== Task details ==
Make an exact copy of the entries, and keep any pictures out of it.
- - -
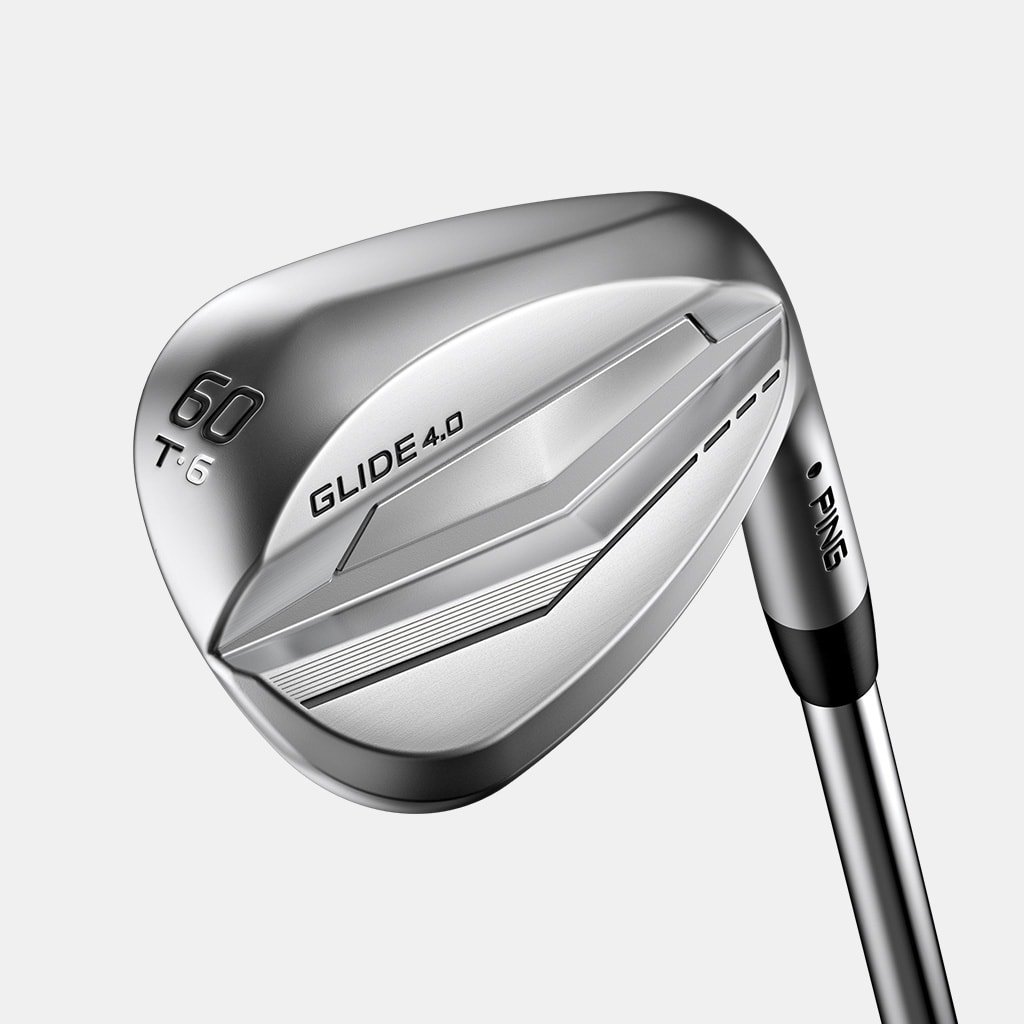 GLIDE4.0(グライド4.0)ウェッジ│CLUB PING【PINGオフィシャルサイト】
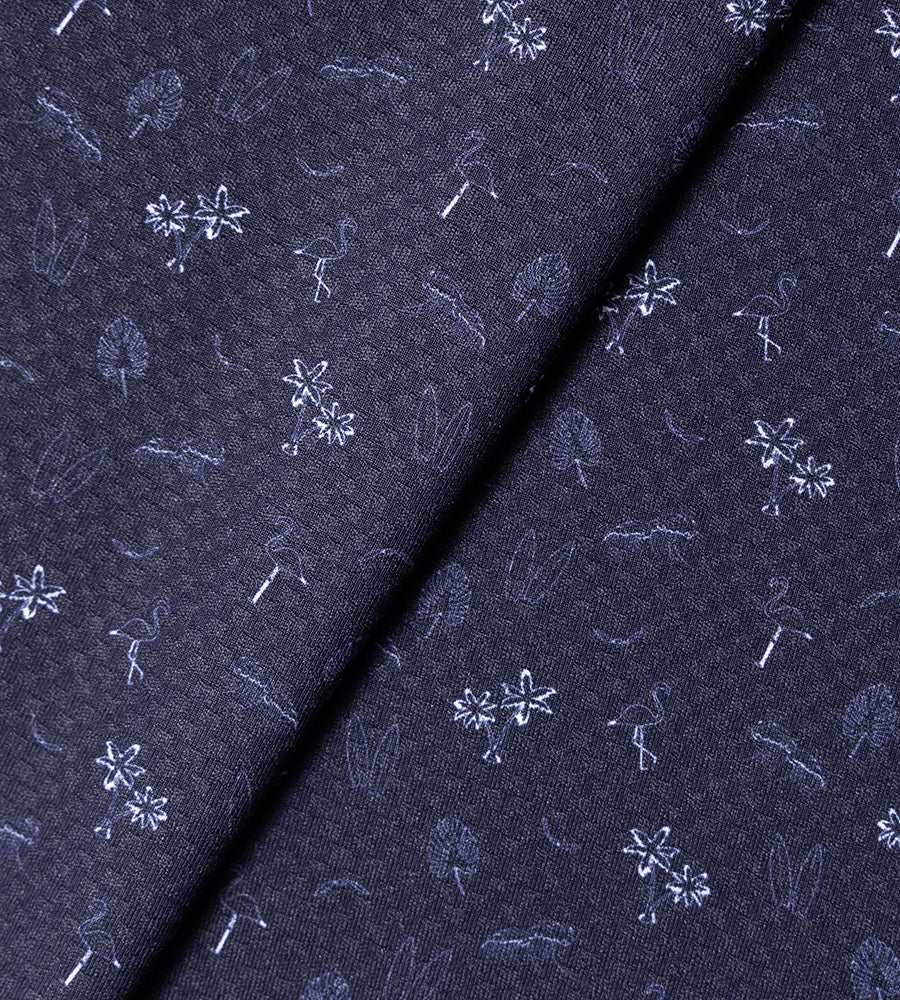 CALIFORNIA POLO - NAVY - Image 3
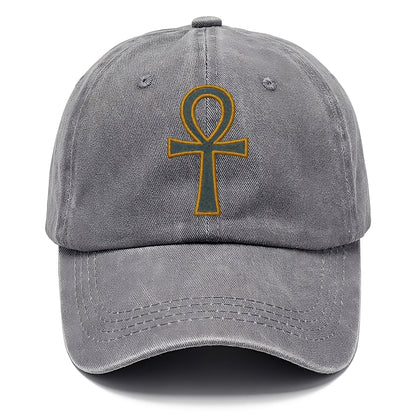 Ankh - Classic Cap - Urban Haze(Grey)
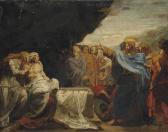 GERICAULT Theodore La Résurrection De Lazare GERICAULT Theodore La Résurrection De Lazare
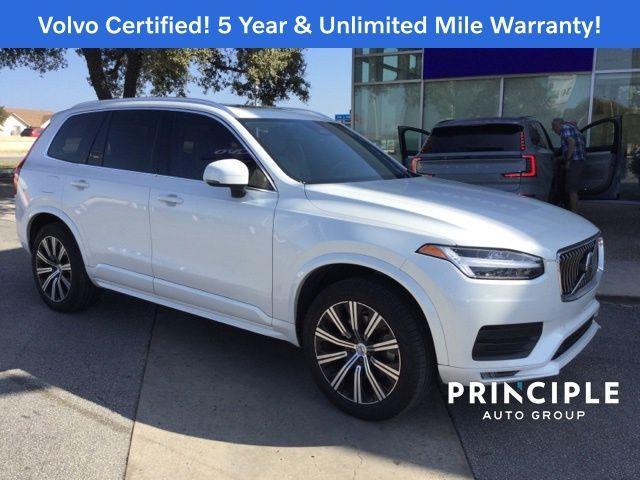 used 2023 Volvo XC90 car, priced at $43,968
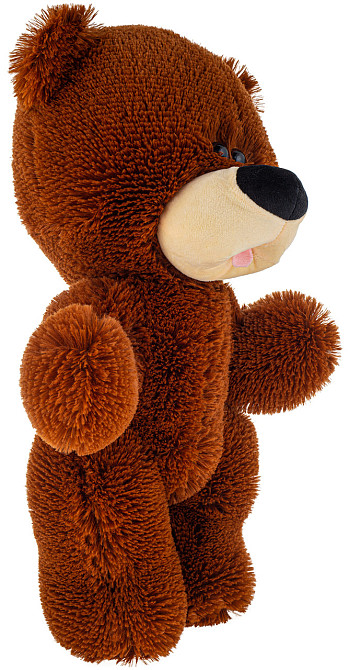 Ведмедик Аліна Потап 65 см Коричневий Киев - изображение 1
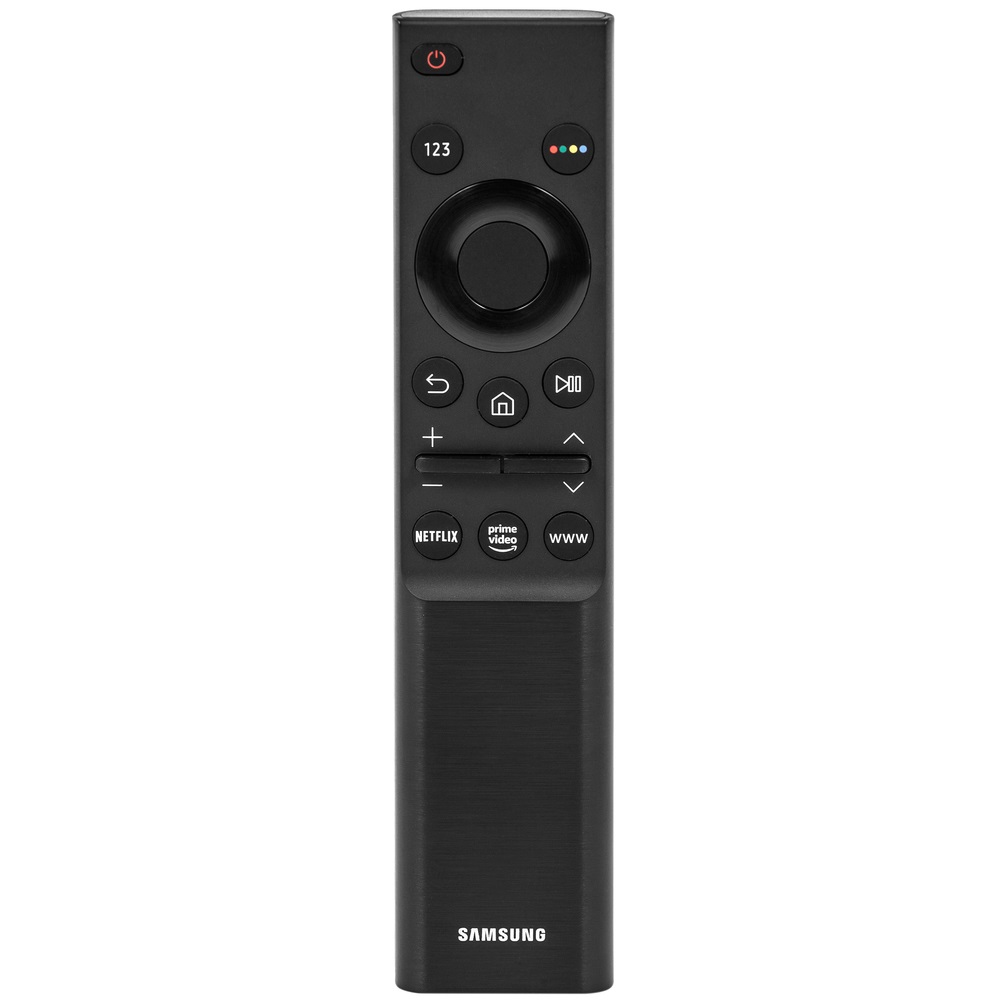 Телевизор Samsung UE65AU7100UXCE (2021) 65" 4K UHD LED Smart TV — фото 2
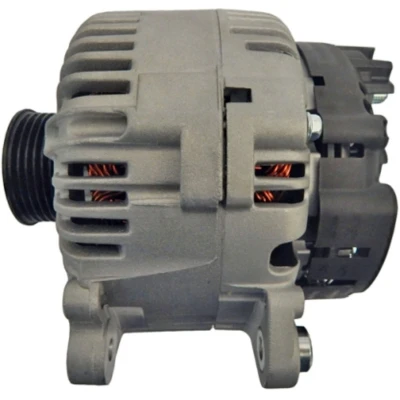 Imagem de HELLA 8EL 012 429 701 Alternador 14V 180A AUDI: A6 C6 Avant, Sedan, VOLKSWAGEN: Touareg I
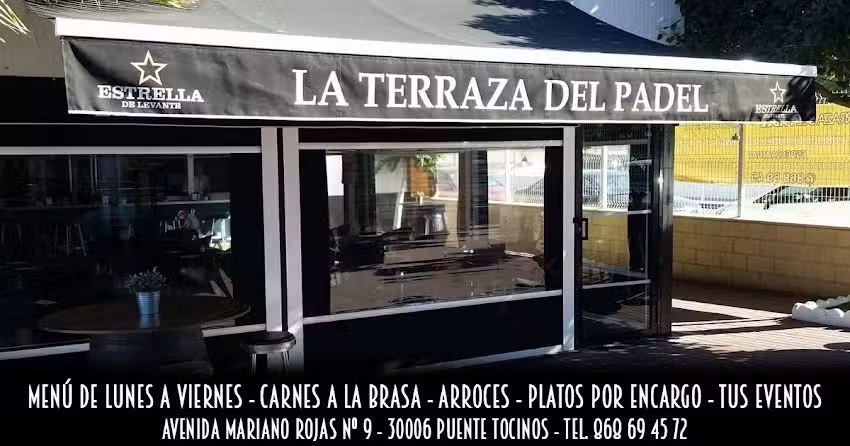 La Terraza del Padel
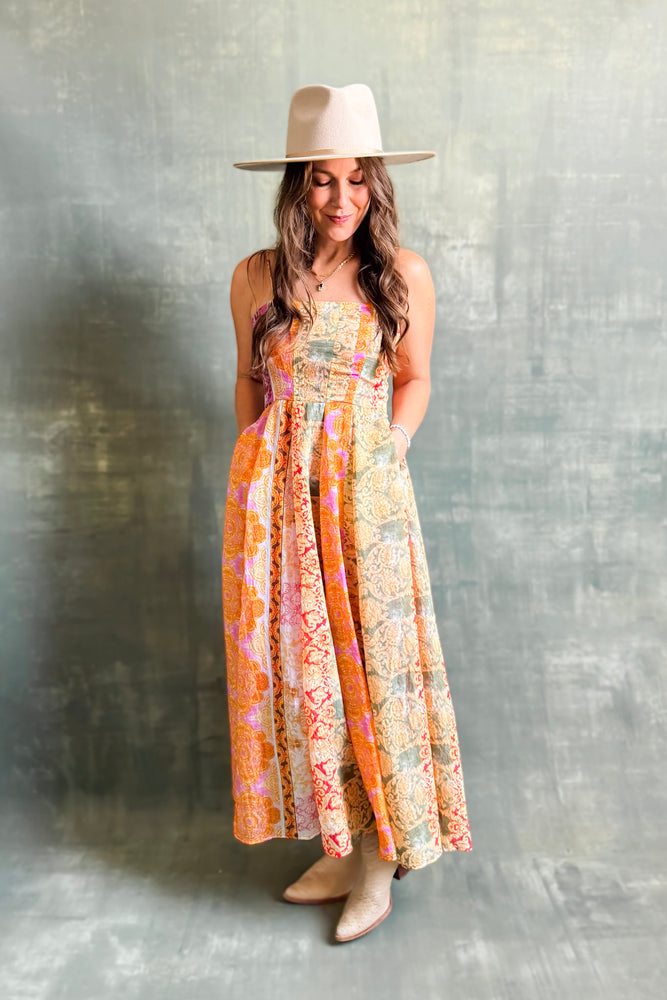 
                  
                    Changing Leaves Dress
- - -
== Solution to this problem ==
 GLIDE4.0(グライド4.0)ウェッジ│CLUB PING【PINGオフィシャルサイト】
 CALIFORNIA POLO - NAVY - Image 3
 Ankh - Classic Cap - Urban Haze(Grey)
 GERICAULT Theodore La Résurrection De Lazare GERICAULT Theodore La Résurrection De Lazare
 used 2023 Volvo XC90 car, priced at $43,968
 Ведмедик Аліна Потап 65 см Коричневий Киев - изображение 1
 Телевизор Samsung UE65AU7100UXCE (2021) 65" 4K UHD LED Smart TV — фото 2
 Imagem de HELLA 8EL 012 429 701 Alternador 14V 180A AUDI: A6 C6 Avant, Sedan, VOLKSWAGEN: Touareg I
 La Terraza del Padel
                  
                    Changing Leaves Dress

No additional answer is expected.